Alexandra Cardenas takes a look at the latest Brexit-related events and the implications for the UK justice system.


Last week parliament sat for the first time fully since 16 September and began with an announcement by the Labour Party leader Jeremy Corbyn, with continued appointments to his shadow justice team.

Much of the rest of the week has been dominated by Brexit, including an opposition day debate in the House of Commons, and the announcement by the Justice Select Committee that there will be an inquiry into the implications of Brexit on the justice system. The Law Society will be submitting evidence to this inquiry.

Monday 10 October

Parliament - House of Commons

Response to statement - Shadow Brexit secretary on leaving the EU

Responding to a statement on the next steps in leaving the EU, shadow Brexit secretary Sir Keir Starmer said that Brexit secretary David Davis’ statements to the House had been disappointing and contained 'no substance'.

During the EU referendum campaign, he said that 'much had been made' of parliamentary sovereignty. Sir Keir suggested that the government wanted to negotiate and withdraw from the EU without any parliamentary approval.

Therefore, he explained that Labour called for a parliamentary vote on the basic terms before article 50 was invoked, which he said was about 'getting the best deal for Britain'. The government had no plan for Brexit in its 2015 election manifesto, he highlighted, and noted that it had stated the Conservatives would safeguard British interests in the single market.

Turning to the Great Repeal Bill, Sir Keir said the bill would not allow parliamentary scrutiny of article 50 negotiations. The vote would be after, not before, article 50 was invoked.
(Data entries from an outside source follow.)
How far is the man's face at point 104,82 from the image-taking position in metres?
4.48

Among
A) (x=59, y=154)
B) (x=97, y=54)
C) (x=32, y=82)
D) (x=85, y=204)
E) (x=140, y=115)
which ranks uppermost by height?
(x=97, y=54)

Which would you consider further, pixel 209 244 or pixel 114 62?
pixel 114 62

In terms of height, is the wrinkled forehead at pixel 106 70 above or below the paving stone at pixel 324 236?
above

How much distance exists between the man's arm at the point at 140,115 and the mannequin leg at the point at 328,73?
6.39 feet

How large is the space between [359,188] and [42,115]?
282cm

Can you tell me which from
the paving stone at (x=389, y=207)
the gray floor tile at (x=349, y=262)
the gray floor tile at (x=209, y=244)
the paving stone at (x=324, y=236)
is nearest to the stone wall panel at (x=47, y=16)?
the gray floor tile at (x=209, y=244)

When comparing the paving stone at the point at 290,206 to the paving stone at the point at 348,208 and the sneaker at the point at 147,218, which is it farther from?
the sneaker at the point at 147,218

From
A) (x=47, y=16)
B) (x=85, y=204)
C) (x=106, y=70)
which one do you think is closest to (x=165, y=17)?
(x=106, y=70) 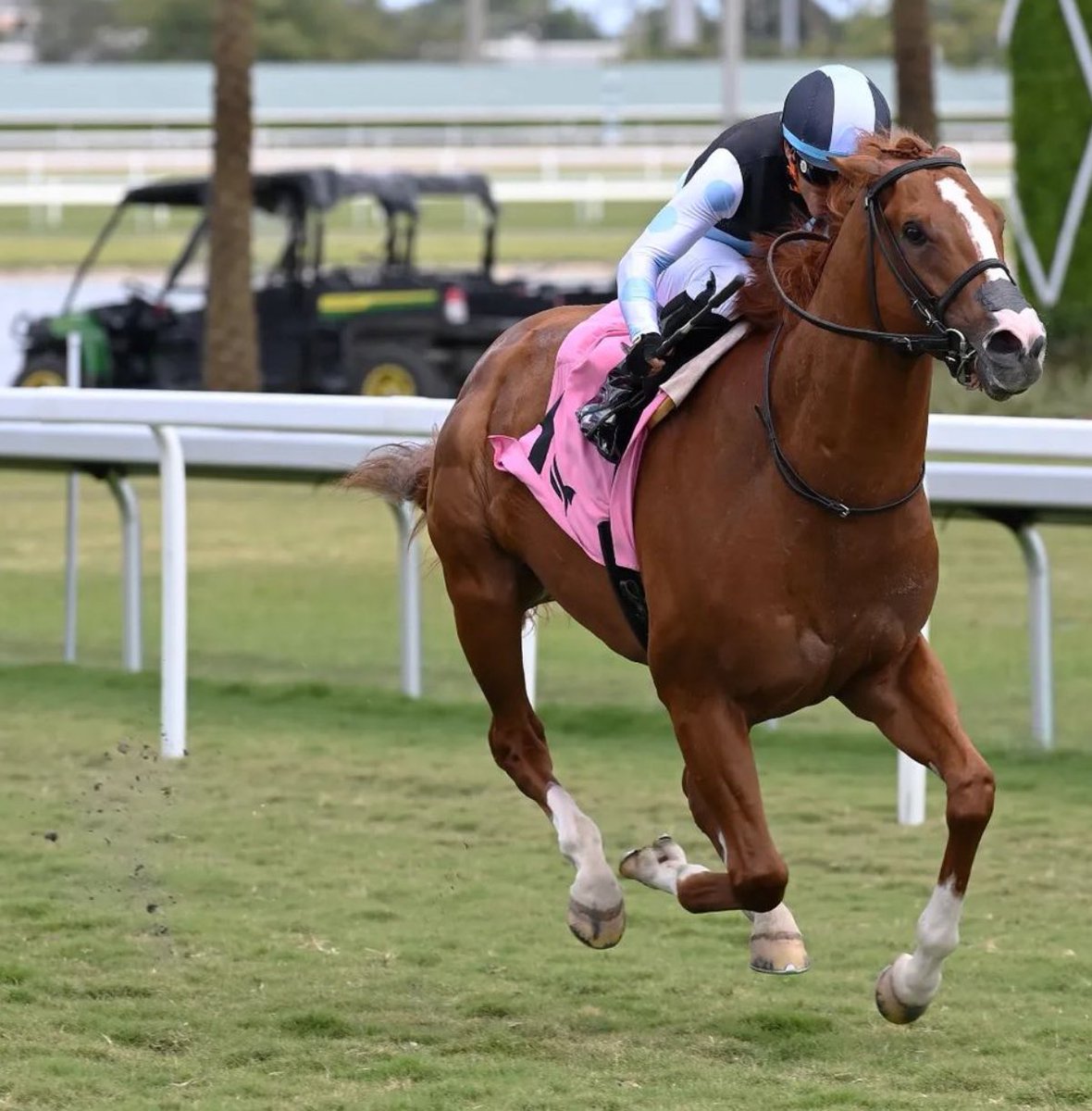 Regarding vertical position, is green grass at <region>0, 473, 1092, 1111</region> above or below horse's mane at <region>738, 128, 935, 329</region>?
below

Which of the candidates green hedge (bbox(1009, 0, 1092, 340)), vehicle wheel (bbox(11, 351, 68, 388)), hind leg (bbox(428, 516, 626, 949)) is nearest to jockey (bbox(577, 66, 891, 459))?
hind leg (bbox(428, 516, 626, 949))

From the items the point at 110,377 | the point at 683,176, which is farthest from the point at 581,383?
the point at 110,377

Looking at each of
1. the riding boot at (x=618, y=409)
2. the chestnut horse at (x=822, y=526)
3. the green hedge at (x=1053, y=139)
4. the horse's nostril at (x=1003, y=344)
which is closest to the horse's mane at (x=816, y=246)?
the chestnut horse at (x=822, y=526)

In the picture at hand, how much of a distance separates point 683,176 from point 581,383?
1.66 feet

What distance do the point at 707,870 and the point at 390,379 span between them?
12.2 meters

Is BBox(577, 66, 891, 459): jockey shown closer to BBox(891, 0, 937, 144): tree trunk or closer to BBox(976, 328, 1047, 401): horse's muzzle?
BBox(976, 328, 1047, 401): horse's muzzle

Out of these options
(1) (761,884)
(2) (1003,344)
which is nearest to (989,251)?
(2) (1003,344)

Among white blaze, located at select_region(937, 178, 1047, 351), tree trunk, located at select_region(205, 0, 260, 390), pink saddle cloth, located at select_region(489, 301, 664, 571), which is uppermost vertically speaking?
white blaze, located at select_region(937, 178, 1047, 351)

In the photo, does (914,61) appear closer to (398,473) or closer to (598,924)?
(398,473)

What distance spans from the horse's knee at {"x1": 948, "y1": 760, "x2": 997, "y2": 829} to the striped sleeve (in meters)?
1.06

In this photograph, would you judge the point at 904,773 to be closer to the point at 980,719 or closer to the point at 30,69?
the point at 980,719

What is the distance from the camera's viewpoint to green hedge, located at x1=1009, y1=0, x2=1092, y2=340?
14.8 meters

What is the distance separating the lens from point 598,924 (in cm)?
477

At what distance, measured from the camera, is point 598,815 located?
6.78 m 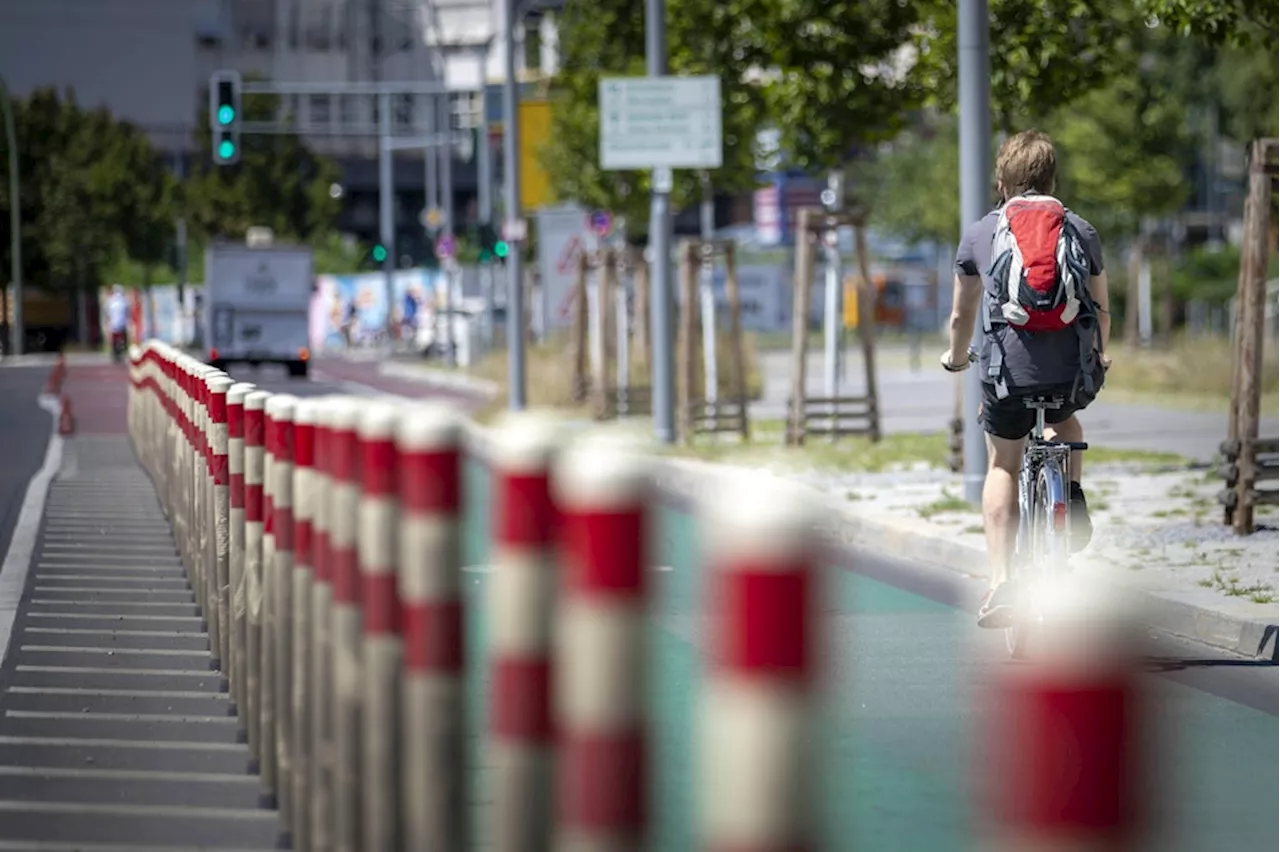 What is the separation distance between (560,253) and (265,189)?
185 feet

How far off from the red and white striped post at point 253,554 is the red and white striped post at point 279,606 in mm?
298

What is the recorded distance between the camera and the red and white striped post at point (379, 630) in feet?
15.9

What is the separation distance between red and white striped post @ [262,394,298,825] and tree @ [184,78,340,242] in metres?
81.3

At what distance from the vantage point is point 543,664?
154 inches

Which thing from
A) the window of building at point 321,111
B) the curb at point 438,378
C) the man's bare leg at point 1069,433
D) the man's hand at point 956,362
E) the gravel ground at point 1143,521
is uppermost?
the window of building at point 321,111

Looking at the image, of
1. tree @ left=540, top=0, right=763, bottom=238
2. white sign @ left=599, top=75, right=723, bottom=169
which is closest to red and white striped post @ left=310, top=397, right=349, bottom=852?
white sign @ left=599, top=75, right=723, bottom=169

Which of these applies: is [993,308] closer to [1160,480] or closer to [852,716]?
[852,716]

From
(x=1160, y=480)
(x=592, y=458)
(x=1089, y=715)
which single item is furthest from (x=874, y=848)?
(x=1160, y=480)

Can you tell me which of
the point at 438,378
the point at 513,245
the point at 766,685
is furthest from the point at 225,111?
the point at 766,685

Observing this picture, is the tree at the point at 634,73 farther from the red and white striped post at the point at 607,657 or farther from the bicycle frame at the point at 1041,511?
the red and white striped post at the point at 607,657

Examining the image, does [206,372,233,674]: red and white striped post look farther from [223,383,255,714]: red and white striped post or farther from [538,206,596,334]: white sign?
[538,206,596,334]: white sign

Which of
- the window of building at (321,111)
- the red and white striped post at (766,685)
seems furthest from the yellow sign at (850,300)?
the window of building at (321,111)

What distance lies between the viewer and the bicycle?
9.09 meters

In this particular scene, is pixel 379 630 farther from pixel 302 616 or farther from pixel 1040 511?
pixel 1040 511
Labour respected the outcome of the referendum, he continued, but by 'flirting with hard Brexit' the prime minister was not putting the national interests first. He asked for assurances that the government would seek continued access to the single market on the 'best possible terms'.

The UK wanted the 'open most barrier free access to the European market', Mr Davis argued. The 'best terms, that’s it', he concluded.

Labour press release – Labour party shadow cabinet reshuffle

At the end of last week and over the weekend, Labour leader Jeremy Corbyn announced his shadow cabinet and shadow junior ministerial positions. Please see the key appointments below:

  • Christina Rees - shadow minister for justice
  • Jenny Chapman - shadow minister for Brexit
  • Matthew Pennycook - shadow minister for Brexit
  • Paul Blomfield - shadow minister for Brexit
  • Nick Thomas- Symonds - shadow solicitor general
  • Carolyn Harris - shadow minister for home affairs
  • Yasmin Qureshi - shadow minister for justice

The public affairs team will be engaging with these relevant shadow ministers in the coming weeks.

Tuesday 11 October

Parliament

Labour press release – Shadow chancellor calls for review on legal aid

The shadow lord chancellor Richard Burgon MP responded to the publication of Amnesty International’s report Cuts that Hurt: The impact of legal aid cuts in England on access to justice, saying:

'It is high time the justice secretary initiated the promised review into civil legal aid cuts. Amnesty's report makes clear that this is yet another area of our justice system in which a crisis is unfolding.'

Mr Burgon continued by stating that the government is denying access to justice to too many people across England and Wales, and this is affecting the young and vulnerable disproportionally. He urges the government to announce when the review will start, timescales and when findings will be published.

Wednesday 12 October

Parliament - House of Commons

Ministry of justice written answer - Legal aid

Minister of Justice Sir Oliver Heald QC MP answered a number of questions tabled by Labour shadow whip Thangam Debbonaire regarding legal aid. This included:

  • what information the Ministry of Justice currently holds on how many
      (i) petitioners and
      (ii) respondents who were ineligible for legal aid were unable to afford legal representation, this case in applications to the family court.
     
  • how many petitioners and respondents alleged that they were victims of domestic violence from the other party; and whether the department has undertaken monitoring of the effect of a lack of legal representation on those victims and their children.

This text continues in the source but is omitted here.